--- Data Enclosed Below ---

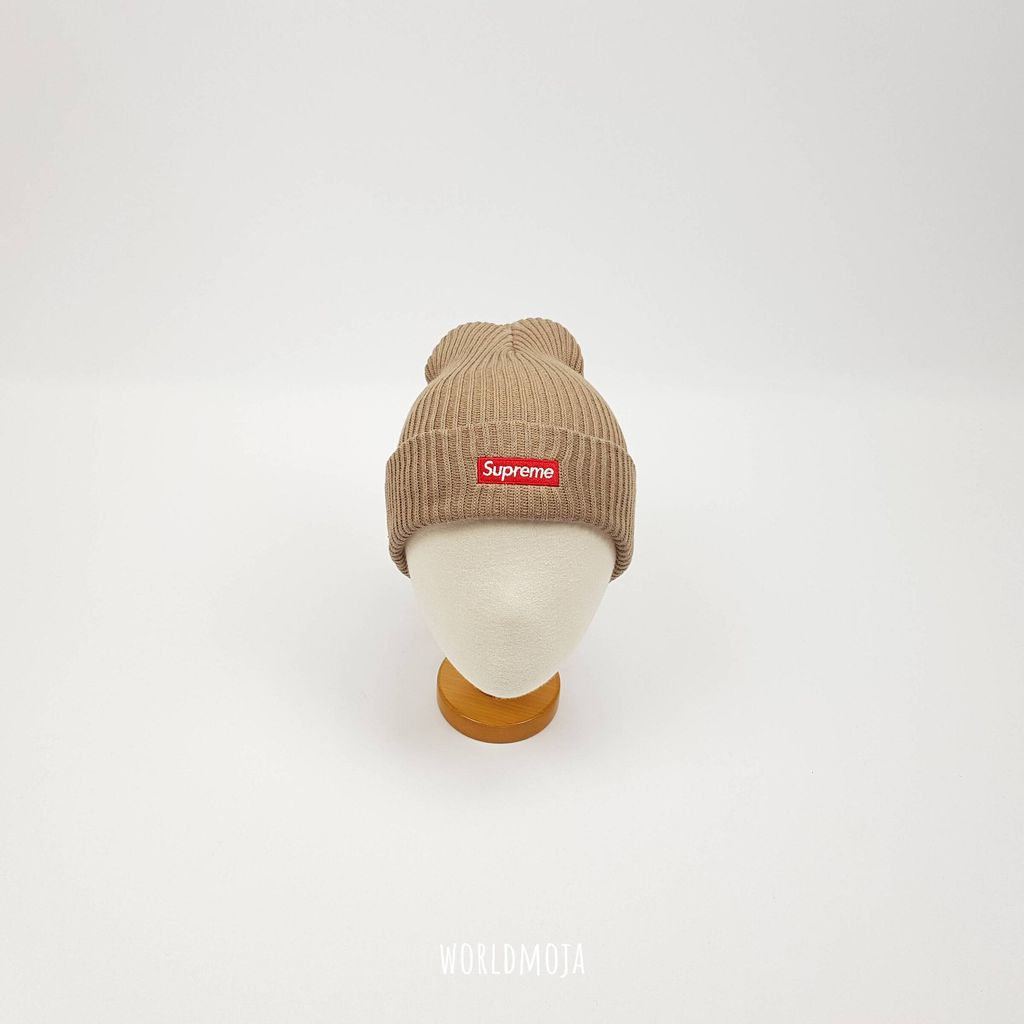 슈프림 비니 40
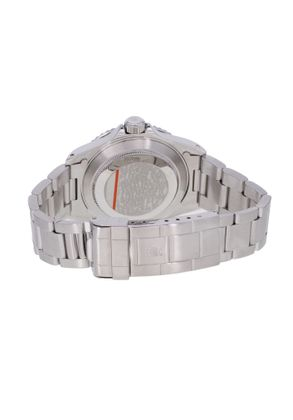 ROLEX Submariner 4 Lignes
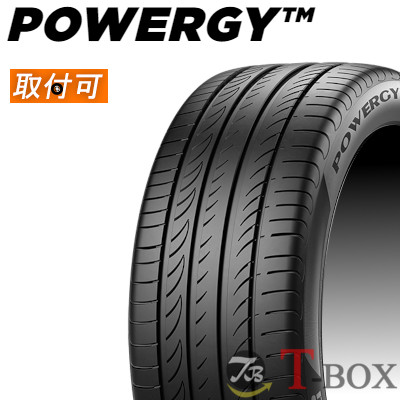 ピレリ パワジー 225/45r17」の人気商品一覧 | 安い商品を通販サイト
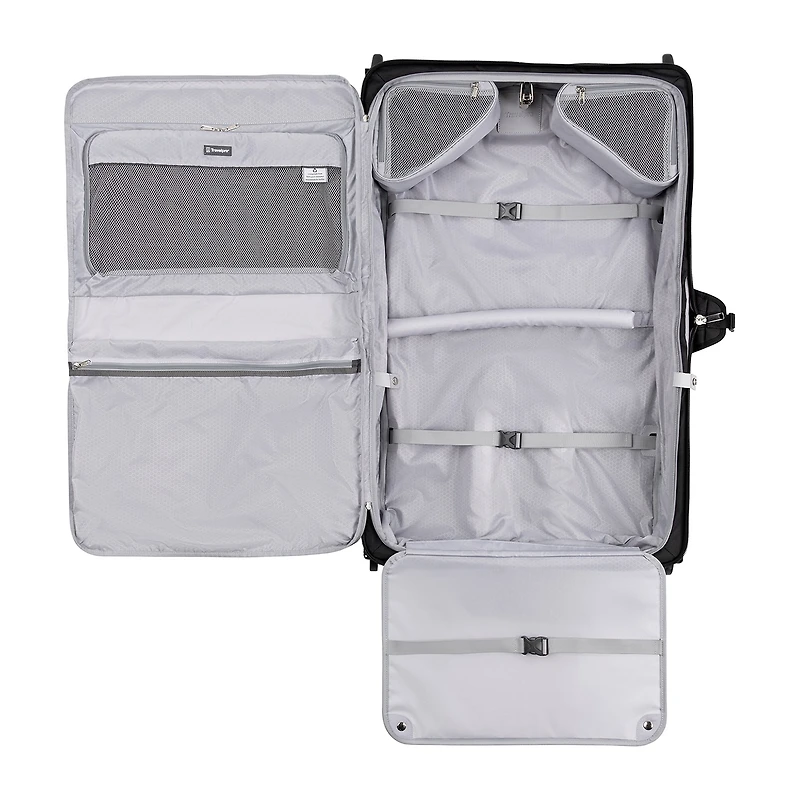 Travelpro Maxlite 5 Softside Inline Lightweight Garment Bag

--- End of Enclosed Data ---

Activity :: Leave out the pictures and set down all of the data exactly.

Solution to this problem ::
 슈프림 비니 40
 ROLEX Submariner 4 Lignes
 ピレリ パワジー 225/45r17」の人気商品一覧 | 安い商品を通販サイト
 Travelpro Maxlite 5 Softside Inline Lightweight Garment Bag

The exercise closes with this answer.